▶ **EXERCISE DETAILS**:
Repeat all of the material exactly, with no line missing.

Segment Start: THE DATA

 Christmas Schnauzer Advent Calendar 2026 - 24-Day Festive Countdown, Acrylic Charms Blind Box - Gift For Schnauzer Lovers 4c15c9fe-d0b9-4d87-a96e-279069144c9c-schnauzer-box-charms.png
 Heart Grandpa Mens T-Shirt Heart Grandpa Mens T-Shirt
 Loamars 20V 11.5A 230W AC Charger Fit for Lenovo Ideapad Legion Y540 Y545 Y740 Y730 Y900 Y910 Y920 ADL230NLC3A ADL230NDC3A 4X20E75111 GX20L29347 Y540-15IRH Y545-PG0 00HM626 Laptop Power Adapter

Segment End: THE DATA

▶ **OUTPUT OF THE EXERCISE**:
 Christmas Schnauzer Advent Calendar 2026 - 24-Day Festive Countdown, Acrylic Charms Blind Box - Gift For Schnauzer Lovers 4c15c9fe-d0b9-4d87-a96e-279069144c9c-schnauzer-box-charms.png
 Heart Grandpa Mens T-Shirt Heart Grandpa Mens T-Shirt
 Loamars 20V 11.5A 230W AC Charger Fit for Lenovo Ideapad Legion Y540 Y545 Y740 Y730 Y900 Y910 Y920 ADL230NLC3A ADL230NDC3A 4X20E75111 GX20L29347 Y540-15IRH Y545-PG0 00HM626 Laptop Power Adapter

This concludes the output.